Славен город Полоцк - [111]

Шрифт
Интервал

— Сколько у тебя всего рабочих?

— Мало, мало, — уклончиво ответил купец. — Всех-то людей вы, господа помещики, в руках держите, дело же у нас. А надо бы так: у кого дело, того и люди. Скорей бы уж царь волю дал им.

Дошли, значит, и сюда слухи о предстоящей отмене крепостного права. Но не это удивило Ивана Матвеевича, а та почти физически ощутимая неприязнь к нему, которую он прочитал на лице Силантьева.

Где-то в глубине двора раздались частые металлические удары.

— Обед, — пояснил Силантьев, прижмурившись на стоявшее в зените солнце. — У кого снедь припасена, пускай перекусит, а кто без этого пришел, пускай так посидит. После отдыха работа шибче пойдет.

— Рано у тебя обед.

— Полдень. Семь часов уже отработано, а семь впереди. У меня по-божески, не так, как у иных купцов — по шестнадцать часов без роздыху.
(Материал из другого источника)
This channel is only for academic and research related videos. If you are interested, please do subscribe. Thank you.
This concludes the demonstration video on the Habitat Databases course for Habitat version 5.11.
Довезя свои тачки до замесной площадки или до ямы, рабочие оставили их там, а сами рассаживались кто на тачках, кто на подвернувшемся булыжнике, кто просто на земле и разворачивали узелки со своим немудреным припасом: ржаным сухарем, репой или луковицей, щепотью соли, иногда еще вареным картофелем.

И вот Иван Матвеевич, обходя рассевшуюся прямо на дороге группу рабочих, заметил среди них Арсения. Бывший конюх, видно, не сладко ел. Коричневая кожа на его груди выглядела задубленной, как у старой клячи. Лицом Арсений потемнел, черная повязка над его глазом, казалось, расползлась на добрую половину лица, вторая половина была сумрачной, унылой, как у вечно голодного пса.
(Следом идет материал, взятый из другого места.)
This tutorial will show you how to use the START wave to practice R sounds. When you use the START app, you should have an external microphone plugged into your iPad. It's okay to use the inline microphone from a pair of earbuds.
Арсений сказал что-то своим товарищам, они рассмеялись. По кругу пошла деревянная кружка — они распивали бутылку браги.

— Твое здоровье, хозяин, — крикнул один из рабочих Силантьеву. Остальные обернулись на хозяина, и тут Арсений увидел своего бывшего барина.

Всего одно мгновение глядел Иван Матвеевич в его единственный глаз, но сколько же злого огня сверкнуло в нем, если Иван Матвеевич невольно зажмурился!

— Глянь, господин какой важный шагает, — произнес сидевший рядом с Арсением рабочий. — Помещик, что ли?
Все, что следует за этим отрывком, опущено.